Mi primo, sin poder evitarlo, me dedicó una sonrisilla a costa de mi rubor, lo que me hizo enrojecer todavía más. Era obvio que el chico sabía perfectamente lo que había estado haciendo. Pensándolo bien, era muy posible que me hubiera oído a pesar de mis precauciones, pues su cuarto estaba pegado al nuestro.

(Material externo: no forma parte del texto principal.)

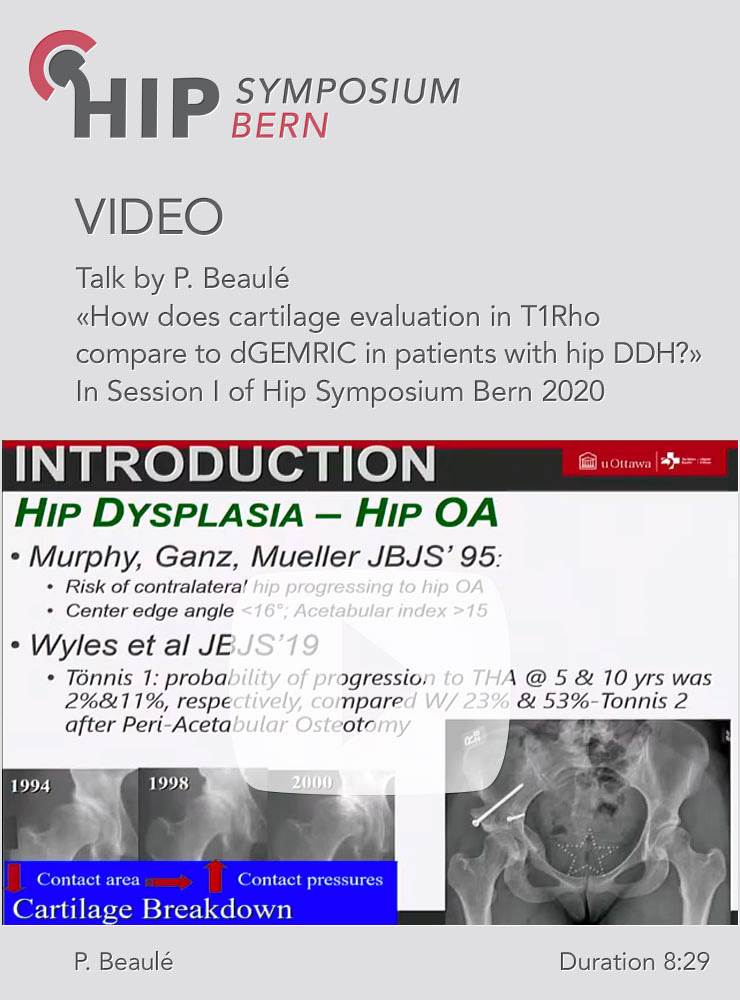 How does cartilage evaluation in T1Rho compare to dGEMRIC in patients with hip DDH? / Paul Beaulé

Sin despegar los ojos del suelo y abochornadísima, salí disparada al cuarto para coger ropa para poder darme una ducha y largarme de allí, cosa que hicimos poco después. Me sentí aliviada al no tener que enfrentarme aquella tarde con Diego.

Pasamos la tarde con la pandilla de Clara, charlando y riendo relajadas. Por supuesto, el tema de conversación fue Manoli y su problema. Algunas de las chicas no sabían la identidad del padre, así que Clara y las que sí lo sabíamos, nos convertimos en el foco de atención.

Lo pasamos bien. Y luego yo me dedicaba a reírme de mi tía por chismosa. ¡Ja!

Aquella noche dormí como un lirón. Estuvimos charlando hasta tarde, como siempre, pero menos de lo habitual, pues estaba muy cansada.

Tras apagar la luz, estuve rememorando los acontecimientos del día, mientras mi mano palpaba la revista que ocultaba bajo la almohada. Y así me dormí.